Pictures stay out of the copy. Retype exactly the lines below from the one with "CHANEL ブラックレザー ハイヒールのサムネイル" through the one with "Photo of property".

**GIVEN DATA**
◆ ◆ ◆ ◆

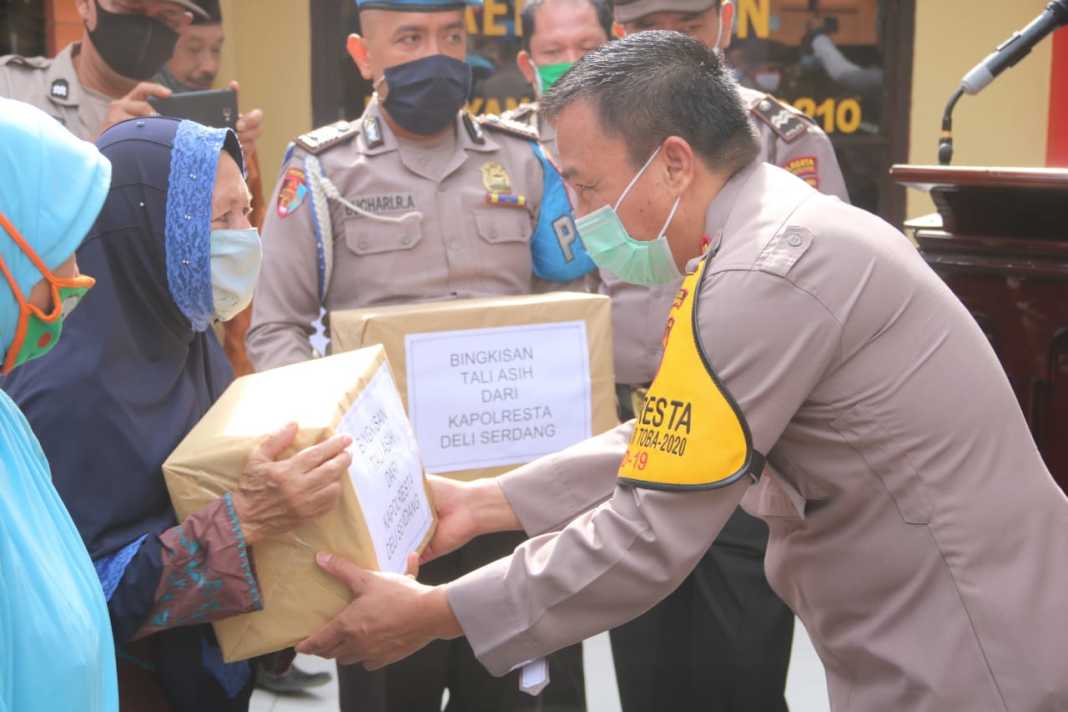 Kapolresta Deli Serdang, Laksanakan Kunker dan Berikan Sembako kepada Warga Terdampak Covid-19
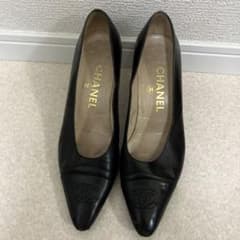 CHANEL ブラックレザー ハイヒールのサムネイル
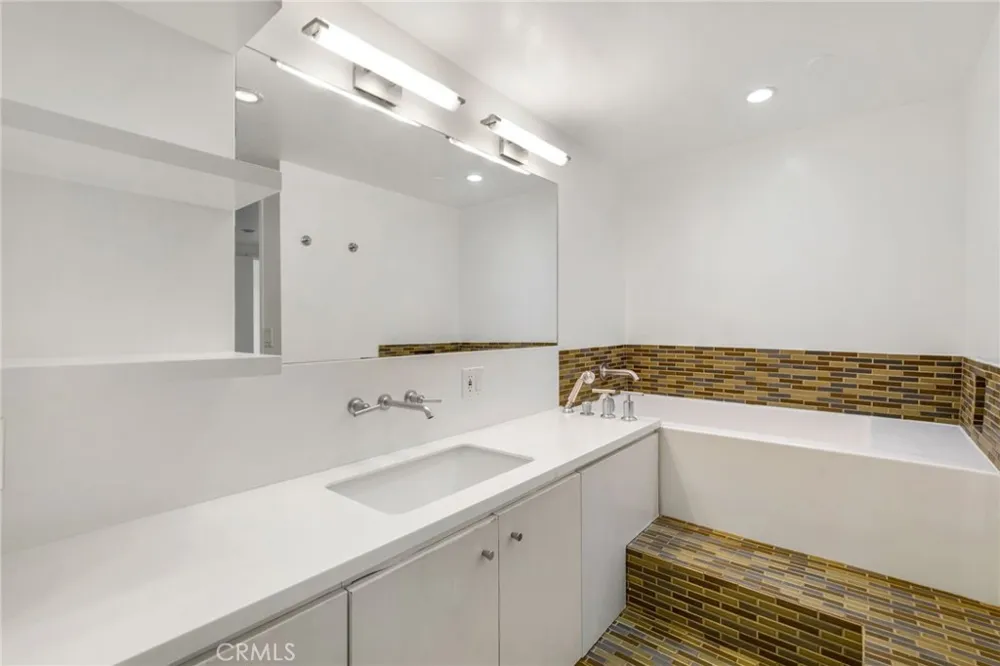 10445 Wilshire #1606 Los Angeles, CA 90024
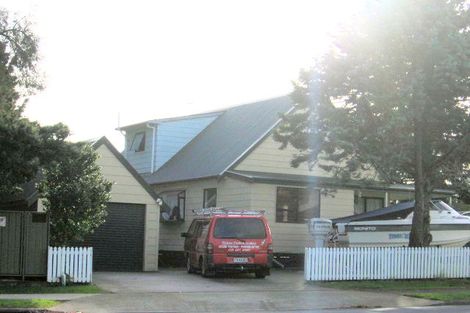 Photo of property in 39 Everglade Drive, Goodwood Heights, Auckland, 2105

◆ ◆ ◆ ◆

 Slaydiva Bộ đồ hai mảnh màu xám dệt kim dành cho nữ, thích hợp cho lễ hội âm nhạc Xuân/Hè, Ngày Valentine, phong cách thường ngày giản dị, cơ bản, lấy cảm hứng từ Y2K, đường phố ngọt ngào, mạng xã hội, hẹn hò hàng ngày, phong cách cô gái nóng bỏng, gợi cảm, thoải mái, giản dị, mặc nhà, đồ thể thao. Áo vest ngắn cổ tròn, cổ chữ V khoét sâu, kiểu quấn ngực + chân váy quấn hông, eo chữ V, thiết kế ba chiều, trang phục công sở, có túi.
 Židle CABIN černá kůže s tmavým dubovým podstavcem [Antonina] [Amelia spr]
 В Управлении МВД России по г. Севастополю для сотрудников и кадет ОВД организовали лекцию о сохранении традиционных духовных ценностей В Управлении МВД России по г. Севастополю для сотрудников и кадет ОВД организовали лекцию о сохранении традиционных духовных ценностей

◆ ◆ ◆ ◆

**SOLVED PROBLEM**
 CHANEL ブラックレザー ハイヒールのサムネイル
 10445 Wilshire #1606 Los Angeles, CA 90024
 Photo of property in 39 Everglade Drive, Goodwood Heights, Auckland, 2105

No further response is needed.